/AnyFace

Input-Agnostic Face Detection

Primary LanguageJupyter NotebookMIT LicenseMIT

README

AnyFace: A Data-Centric Approach For Input-Agnostic Face Detection

Installation requirements

Clone the repository and install all necessary packages:

git clone https://github.com/IS2AI/AnyFace.git
cd AnyFace
pip install -r requirements.txt

Datasets

The following datasets were used to train, validate, and test the models

Download them from the following links and rename their folders accordingly.

Dataset Link Folder Name
Wider Face http://shuoyang1213.me/WIDERFACE/ widerface
AnimalWeb https://fdmaproject.wordpress.com/author/fdmaproject/ animalweb
iCartoonFace https://github.com/luxiangju-PersonAI/iCartoonFace#dataset icartoon
TFW https://github.com/IS2AI/TFW#downloading-the-dataset tfw

Additional datasets

The following datasets were used to test the best model in addition to the test set of the main dataset. You should download them from the following links into the original-external/ directory. Then, rename the folders as shown in the table.

Dataset Link Folder Name
Oxford-IIIT Pet Dataset https://www.robots.ox.ac.uk/vgg/data/pets/ pets
CUB-200-2011 https://www.kaggle.com/datasets/veeralakrishna/200-bird-species-with-11788-images birds
Artistic-Faces https://faculty.runi.ac.il/arik/site/foa/artistic-faces-dataset.asp artisticfaces
MetFaces https://github.com/NVlabs/metfaces-dataset metfaces
Sea Turtle Faces https://www.kaggle.com/datasets/smaranjitghose/sea-turtle-face-detection turtles
Anime-Face-Detector https://github.com/qhgz2013/anime-face-detector animefaces
Tom & Jerry's Faces https://www.kaggle.com/datasets/boltuzamaki/tom-and-jerrys-face-detection-dateset tj
Labeled Fishes in the Wild Dataset https://swfscdata.nmfs.noaa.gov/labeled-fishes-in-the-wild/ fishes

Preprocessing Step

Use notebooks in the main directory to pre-process the corresponding datasets.
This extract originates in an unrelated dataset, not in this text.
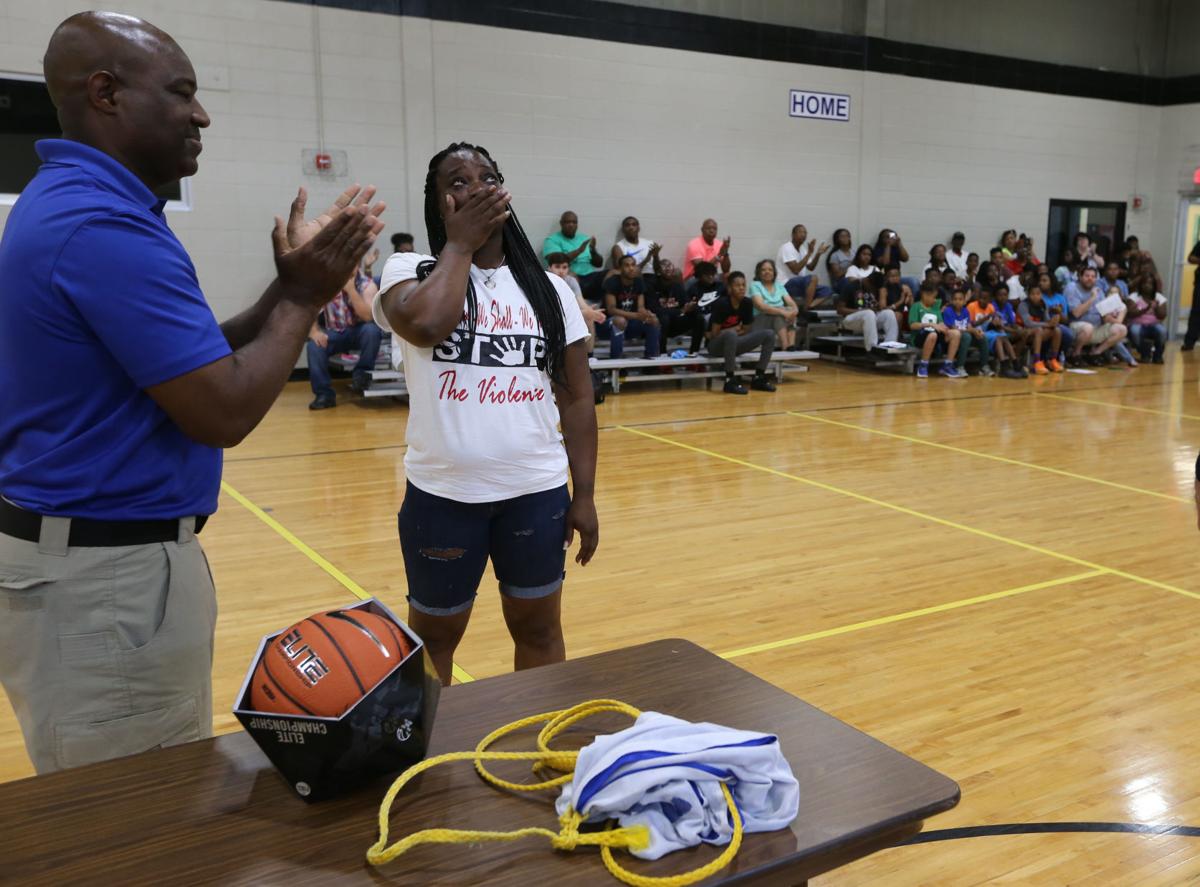 Tupelo Police Athletic League Honors Deceased Former Basketball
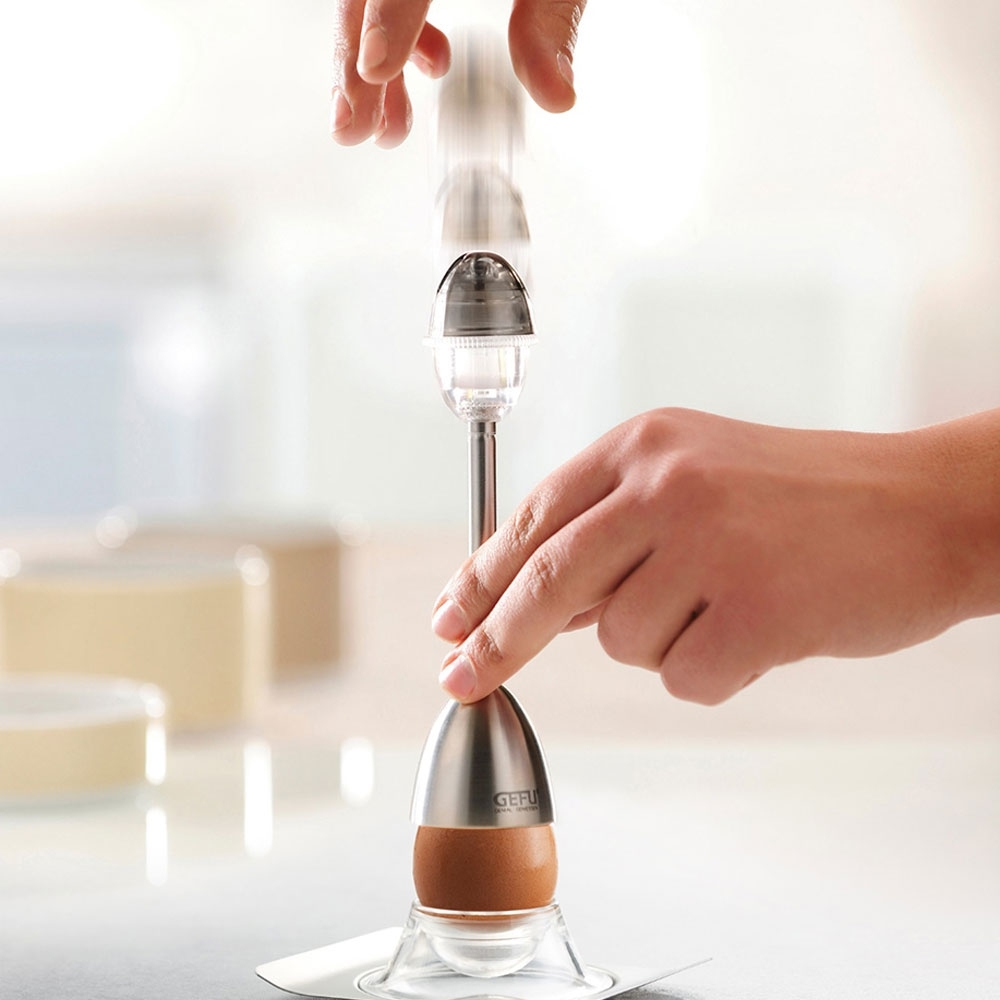 Gefu - Egg cracker with salt shaker Gefu - Egg cracker with salt shaker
The preprocessed datasets are saved in dataset/ directory. For each dataset, images are stored in dataset/<dataset_name>/images/ and the corresponding labels are stored in dataset/dataset_name/labels/ and in dataset/<dataset_name>/labels_eval/. Labels are saved in .txt files, where each .txt file has the same filename as corresponding image. Two labeling formats are used:

Annotations in dataset/<dataset_name>/labels/ follow the format used for training YOLOv5Face models:

  • face x_center y_center width height x1 y1 x2 y2 x3 y3 x4 y4 x5 y5
  • x1,y1,...,x5,y5 correspond to the coordinates of the left eye, right eye, nose top, left mouth corner, and right mouth corner
  • all coordinates are normalized to values [0-1]
  • for faces without annotated landmarks, -1 is used instead of coordinates

Annotations in dataset/dataset_name/labels_eval/ follow the format used for Object-Detection-Metrics:

  • each row contains labels of one face
  • the format: face x_left y_top width height
  • the coordinates are NOT normalized.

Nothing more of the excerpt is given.